CRA Compliance

A Guide to Charitable Receipting for Non-Cash Gifts

A few stories have emerged that shed light on the subject of the value of a name, while also drawing attention to the potential ambiguity surrounding the receipt of non-cash gifts. This post will concentrate on the guidelines established by the Canada Revenue Agency (CRA) concerning non-monetary donations, taking into account the complex and often misunderstood regulations governing the issuance of receipts.

What is a gift

To dispel a widespread misconception, not all valuable items donated to a registered charity are eligible for a receipt.

Registered charities are empowered by the regulations stated in the Income Tax Act to issue official donation receipts for income tax purposes, granted that the donations fulfill the necessary criteria to be deemed qualifying gifts. Generally, a gift is described as the voluntary transfer of property without any valuable consideration or advantage provided to the donor.

Moreover, in order for non-cash gifts to qualify for a tax receipt, it is imperative that the item is donated with a sincere charitable intent. Even if a transfer of property includes an advantage received by the donor, it can still be classified as a gift as long as it can be determined that the transfer was made with the intention to give. The crucial factor is the presence of a clear donative intent to benefit the charity and enhance its resources.

In order for a non-cash gift to be eligible for a receipt, it must meet four essential elements:

  1. Voluntary: If a donation is made due to a legal or contractual obligation, such as a court order, a receipt may not be issued.
  2. Complete transfer: Merely pledging to donate something in the future or providing an object without fulfilling all the necessary steps to transfer ownership is insufficient. For example, simply handing over a property and keys to a charity is not enough; the complete transfer of ownership must be arranged through the appropriate authorities.
  3. Property: Property encompasses various forms of assets, including cash, cheques, credit card payments, money orders, wire transfers, and certain tangible items like computers, furniture, cars, and land. However, services are not considered as part of property in this context.
  4. Intention to make a gift: According to the Income Tax Act, if a donor obtains an advantage that exceeds 80% of market value of the gift, it is usually considered that there is no intent to make a gift, and the individual will not collect a receipt for tax purposes.

What isn’t a gift

Although a gift may seem to fulfill the four elements mentioned earlier, there are specific situations where a non-monetary gift will not be eligible for a receipt.

Many charitable organizations struggle with determining the accurate fair market value of a gift, leading to frequent errors in identifying the types of gifts eligible for an official donation receipt.

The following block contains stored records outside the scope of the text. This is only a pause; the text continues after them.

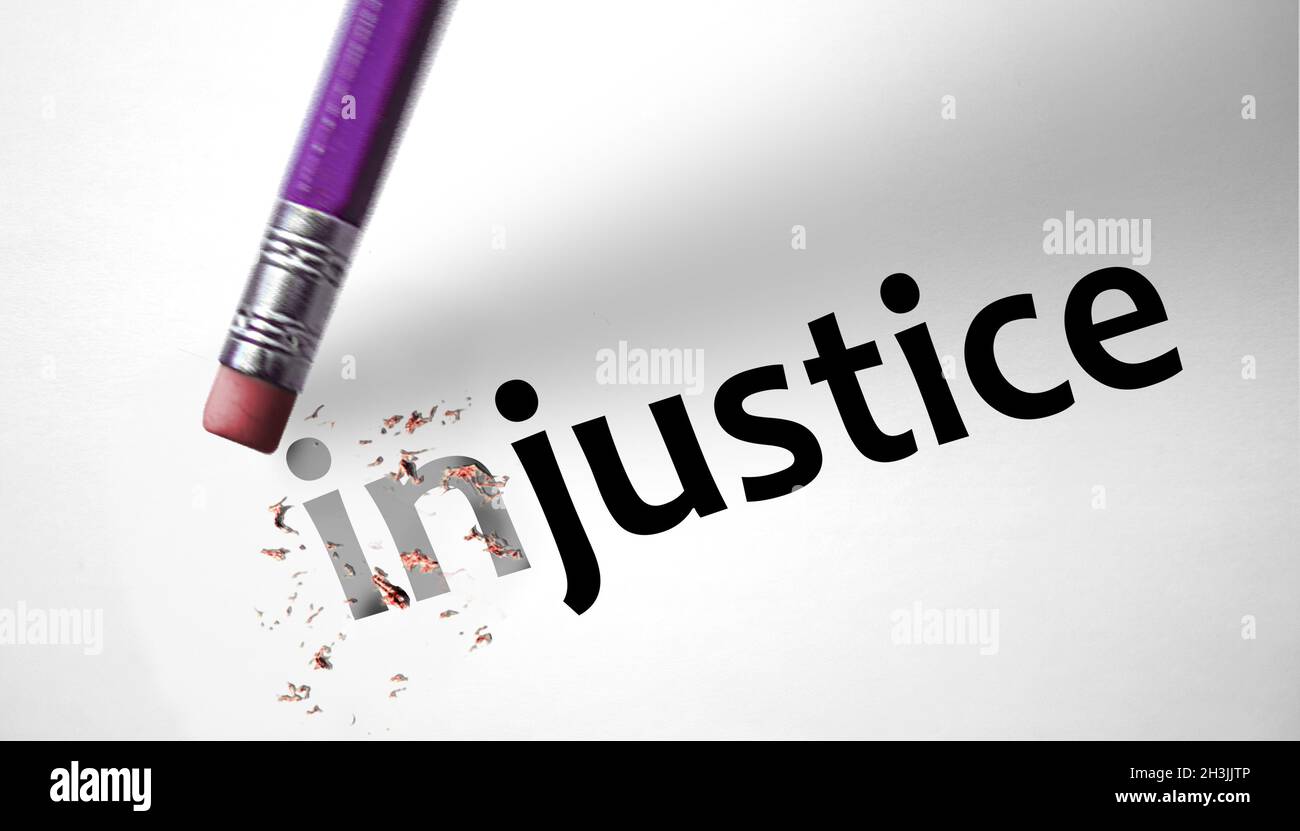 Eraser changing the word Injustice for Justice Stock Photo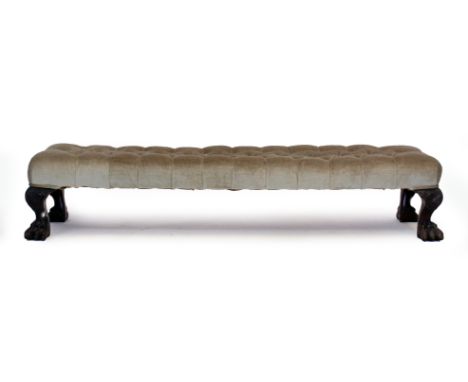 A LATE 19TH CENTURY LONG LOW BUTTON UPHOLSTERED FOOTSTOOL with cabriole legs and hairy paw feet 130cm wide x 33cm deep x 26cm
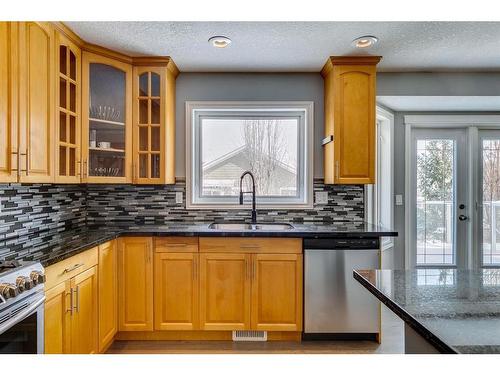 65 Sandstone Ridge Crescent, Okotoks, AB - Indoor Photo Showing Kitchen With Double Sink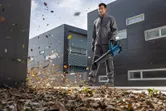Una persona con equipo de seguridad utiliza un soplador de hojas inalámbrico para limpiar las hojas cerca de edificios modernos.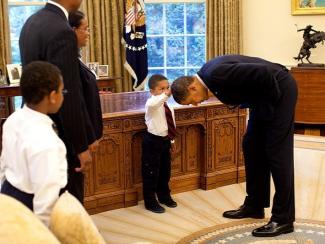 Via <a href=https://commons.wikimedia.org/wiki/File:United_States_President_Barack_Obama_bends_down_to_allow_the_son_of_a_White_House_staff_member_to_touch_his_head.jpg>Wikimedia Commons</a> 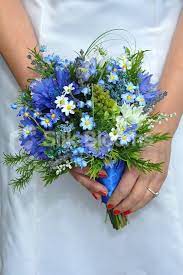 Just look at this beautiful combination…. Stunning Blue Wildflower Bridesmaid Bouquet With Cornflowers Flower Bouquet Wedding Wildflower Wedding Bouquet Wedding Flower Guide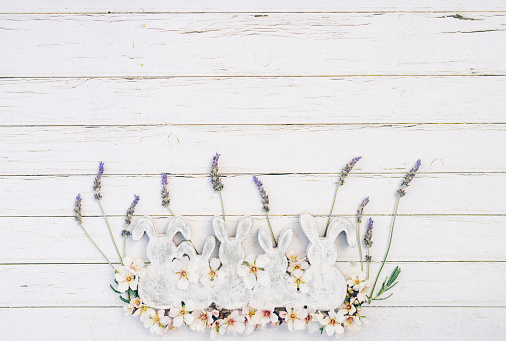 Flat lay of white and grey wooden vintage easter bunny shapes with lavender and almond blossoms on white wooden background with copy space. Color editing with added grain. Very selective and soft focus. Part of a series.
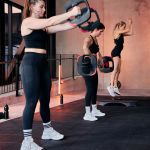 image shows people lifiting weights in a workout class image shows people lifiting weights in a workout class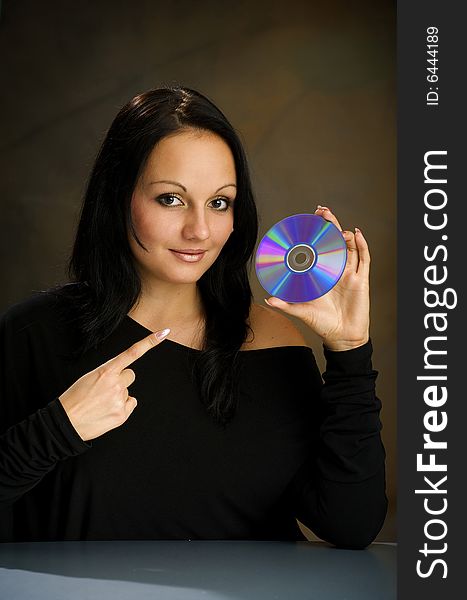 Girl with DVD  disk in the studio
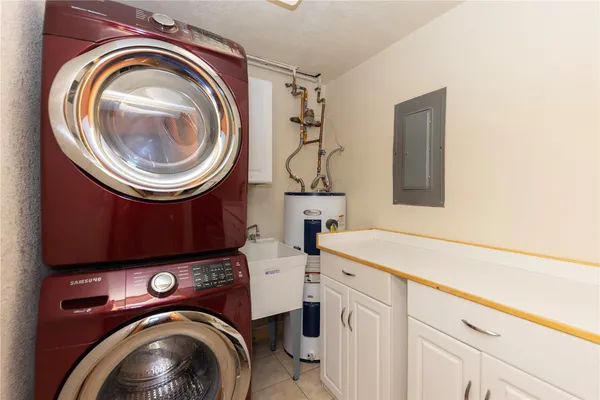 a storage room with dryer and washer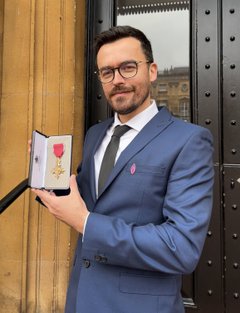 Smiling man with dark hair and glasses holds up an OBE medal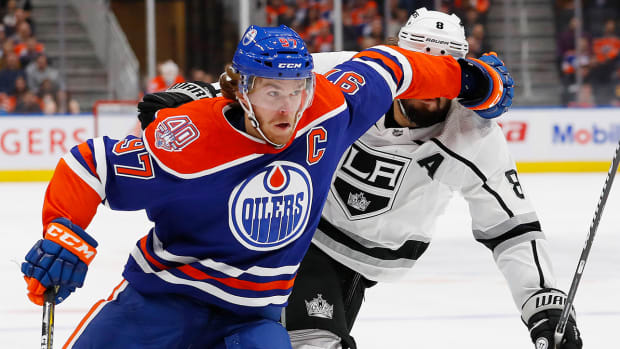 Edmonton Oilers forward Connor McDavid (97) battles for position with Los Angeles Kings defensemen Drew Doughty (8).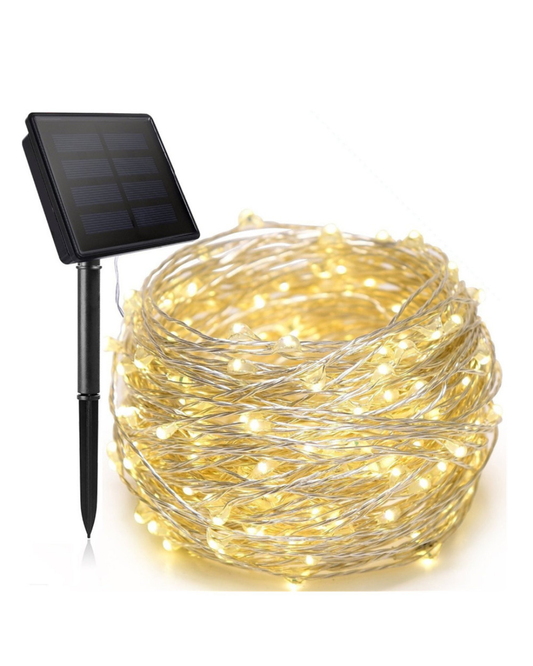 BigM LED Solar Copper Fairy String Lights glowing warmly on patio and garden fence at night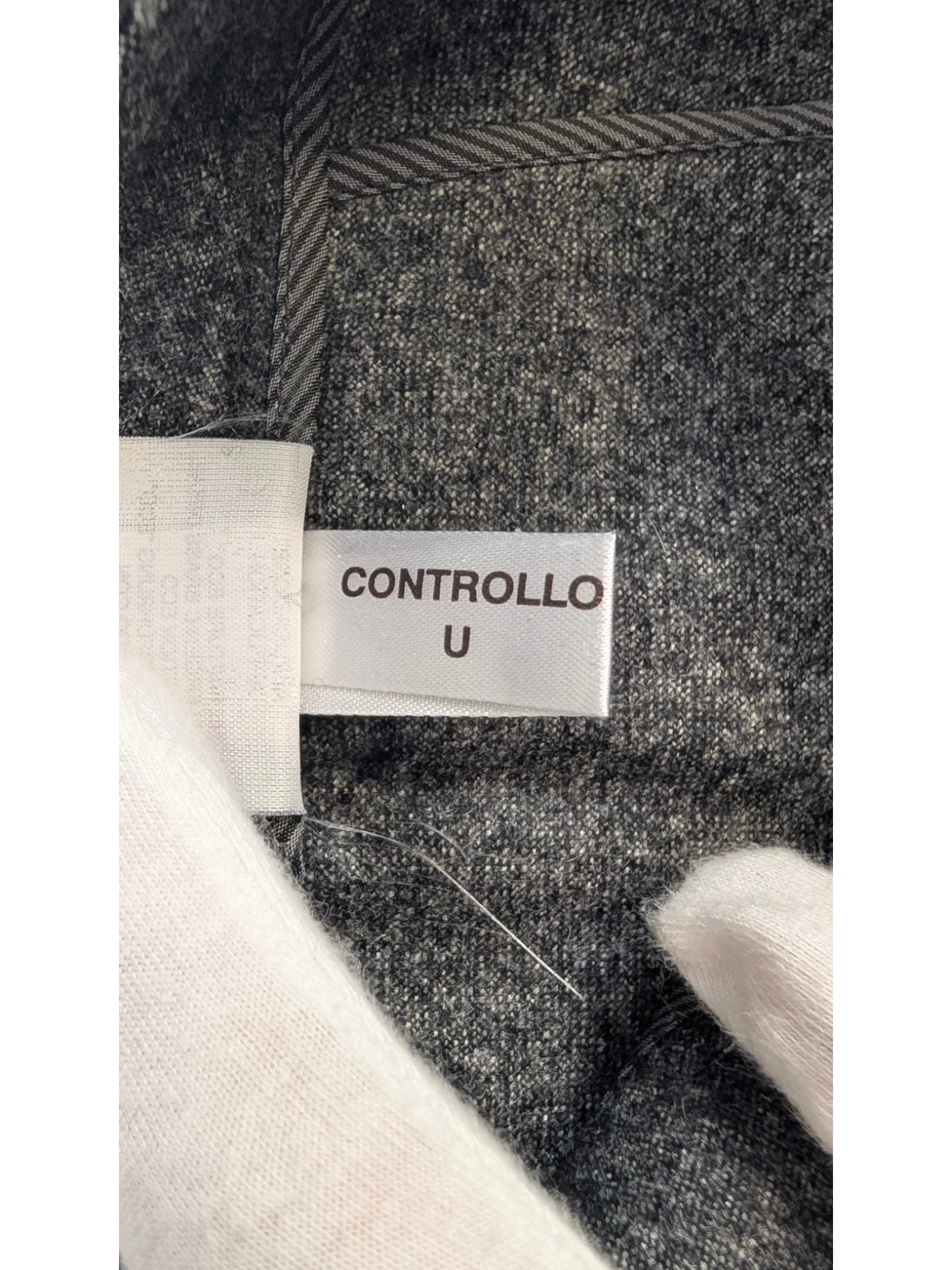 JAKE & IPI grey mélange wool blend tailored trousers with subtle taper and flannel finish.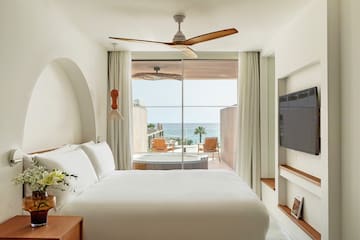 a room with a bed and a television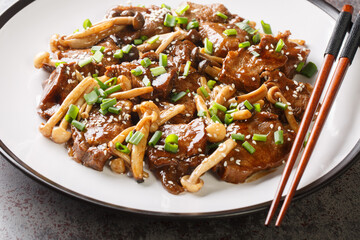 Stir-fried Beef Steak with Asian Mushroom close up on the plate. Horizontal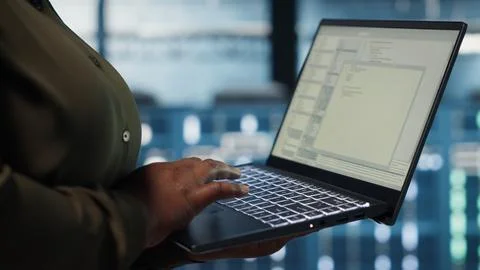 Close up of software developer working in data center to optimize network Stockfoto's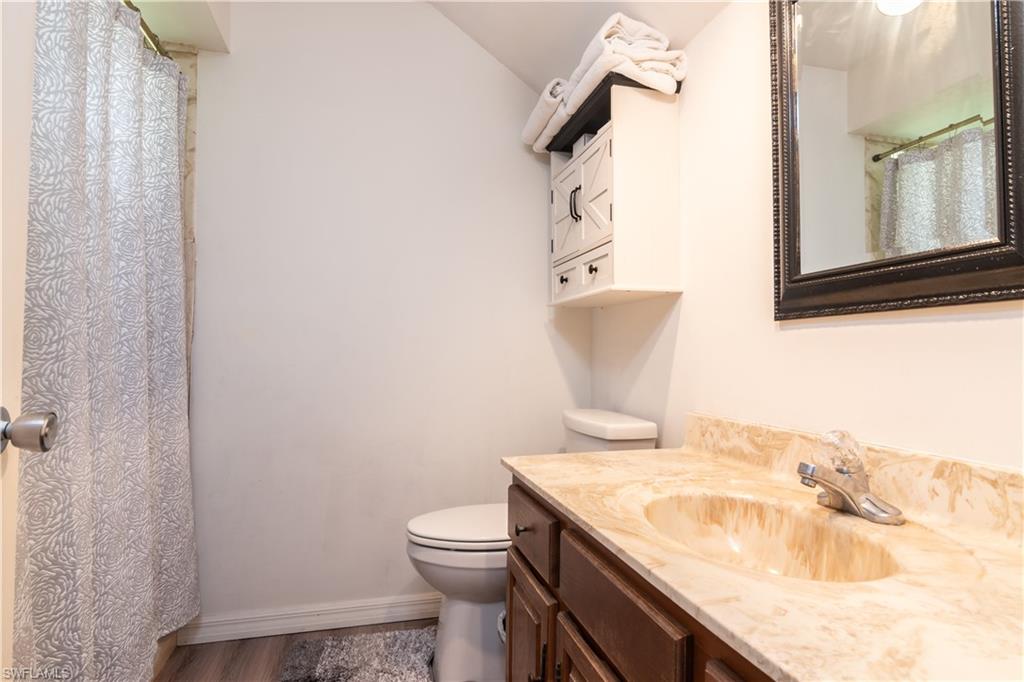 1295 Solana Road, Unit C5 Naples, FL 34103 - Photo 11 of 13 a bathroom with a granite countertop sink a toilet and a mirror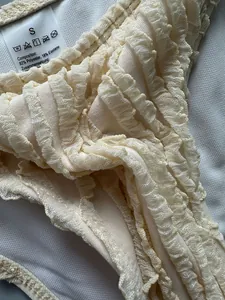 Close-up of cream textured fabric and care label on a ruffled bikini swim bottom
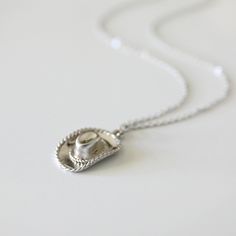 Beautiful and lovely cowboy/ cowgirl hat necklace in silver color. Made of matte finished cowboy/cowgirl hat pendant with skinny rhodium plated brass chain. A soft and warm necklace is good for every day or gift. Your necklace will ship in a gift box.  ♥Chain length 14" - 20" ♥Cowboy/cowgirl hat pendant  5/8" x 7/8" ♥Rhodium plated over brass chain ♥ Delivery Time Fast shipping within 1 - 3 days  ♥  See more Rudiana Accessories  Rudiana.etsy.com Chapeau Cowboy, Cowgirl Hat, Cowboy Cowgirl, Cowgirl Hats, Cow Girl, Cow Boy, Cowboy And Cowgirl, Cowboy Hat, Brass Chain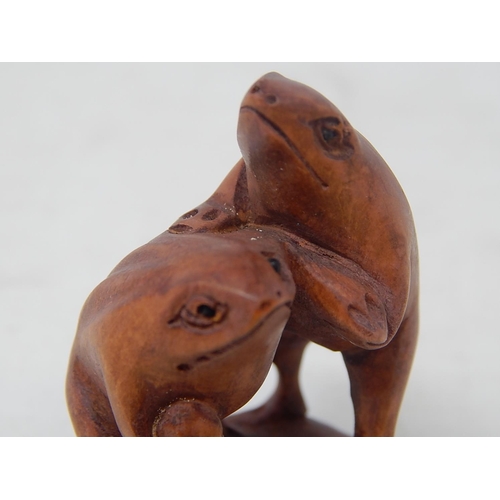 486 - CHINESE: Carved Wood Neksuke of Frogs: Measures 5.2cm High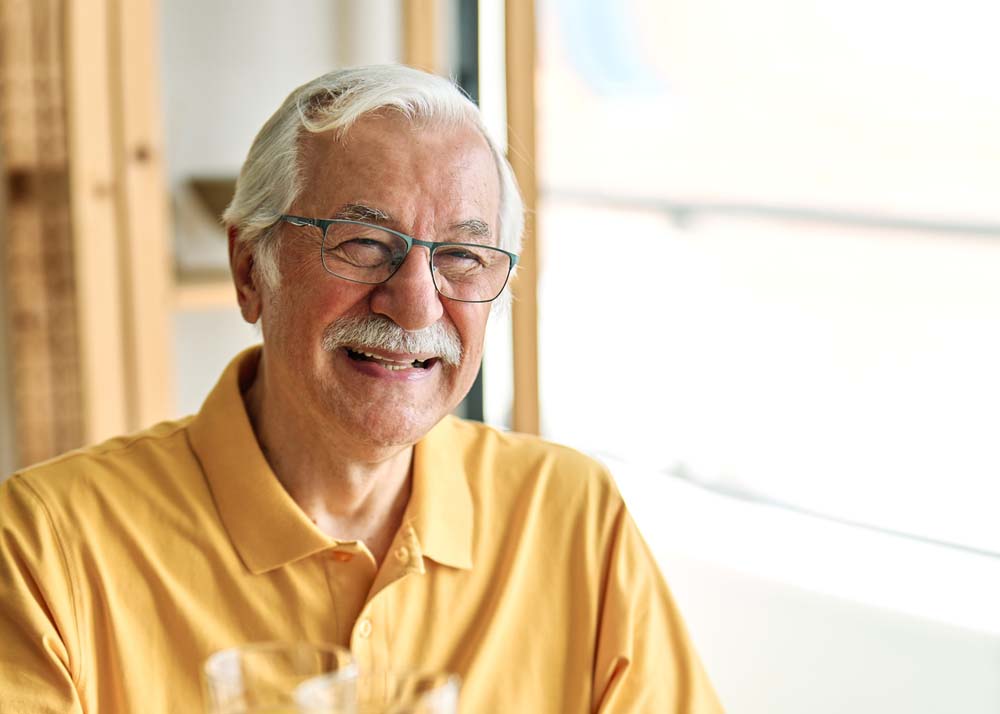 man smiling comfortably after restorative dental care TruDent Dentures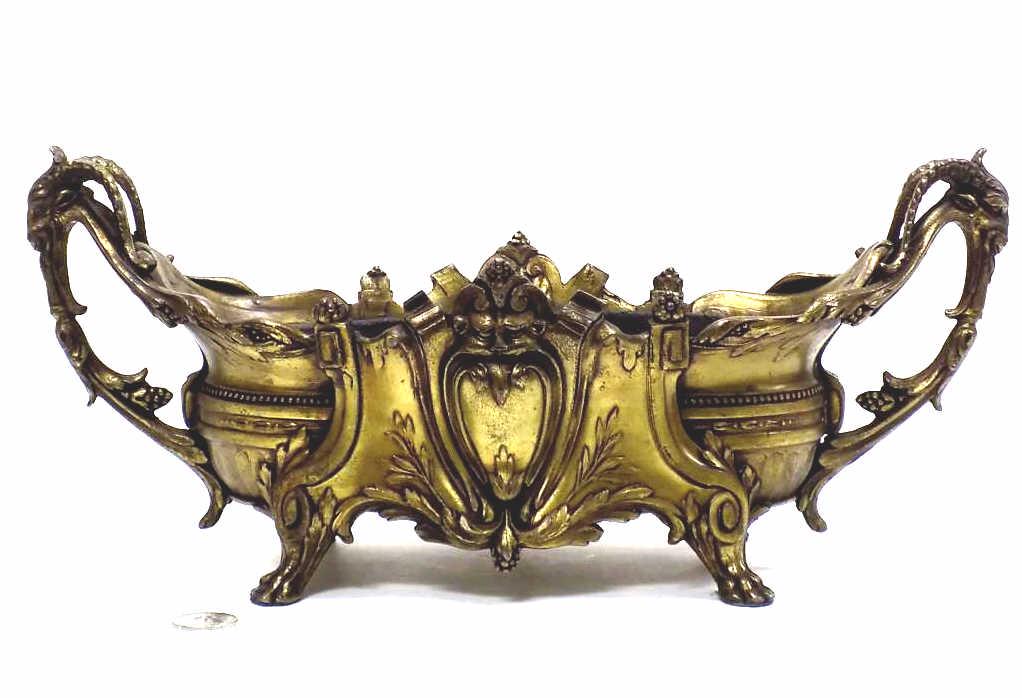 RENAISSANCE REVIVAL GILT BRONZED CENTERPIECE: Circa Late 1800's Renaissance Revival Gilt Bronzed Metal Centerpiece. Mythological Design with Center Bachus Extending Into Dual Ram Head Handles with Paw Feet. Inner and Outer Scrollwork and Acanthus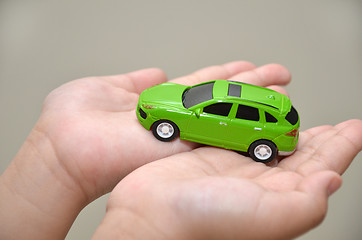 Image showing Green toy car on hand 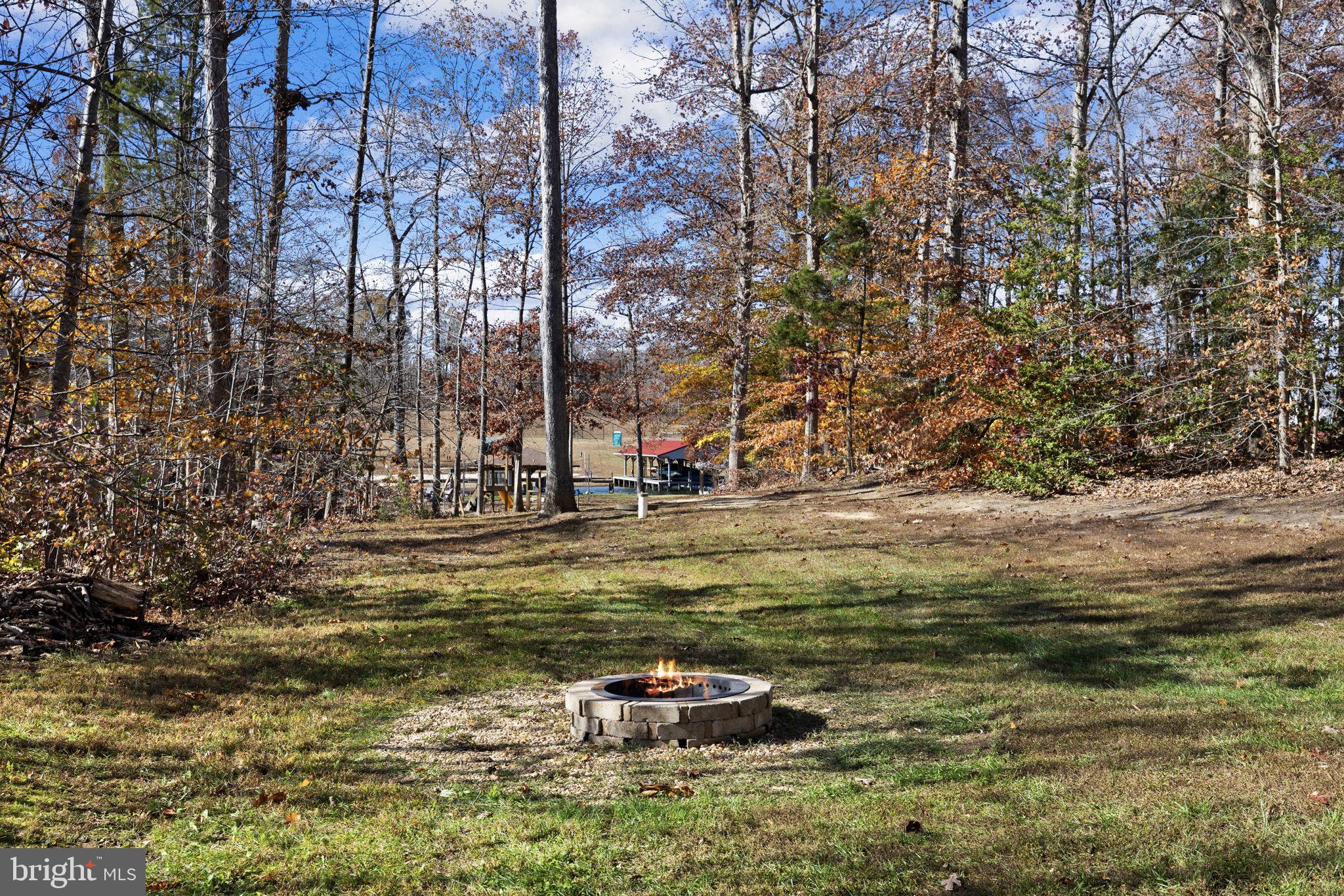 14 Oak Road Bumpass, VA 23024 - Photo 61 of 75 a swimming pool with some trees in the background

The CRA maintains a basic list of gifts that are not receiptable. These include:

  1. Transfer of property to a qualified donee as mandated by the court.
  2. Payment of a standard fee for entry into an event or program.
  3. Payment for a lottery ticket or similar chance-based opportunity.
  4. Acquisition of goods or services from a charitable organization.
  5. A contribution in which the fair market value of the benefit or advantage offered to the donor surpasses 80% of the donated value.
  6. A non-monetary donation where the fair market value is unable to be calculated.
  7. Donations given in exchange for advertising or sponsorship.
  8. Gifts of services, such as donated time or labor.
  9. Gifts in the form of commitments, such as donated gift certificates from the issuer or hotel accommodations.
  10. Pledges.
  11. Loans of property.
  12. Use of a timeshare.
  13. Lease of premises.

Additionally, individual charitable organizations frequently maintain their own specific lists of items they do not accept or consider for a tax receipt exchange. This places a greater responsibility on donors to conduct thorough research to determine the eligible avenues where they can receive a tax receipt.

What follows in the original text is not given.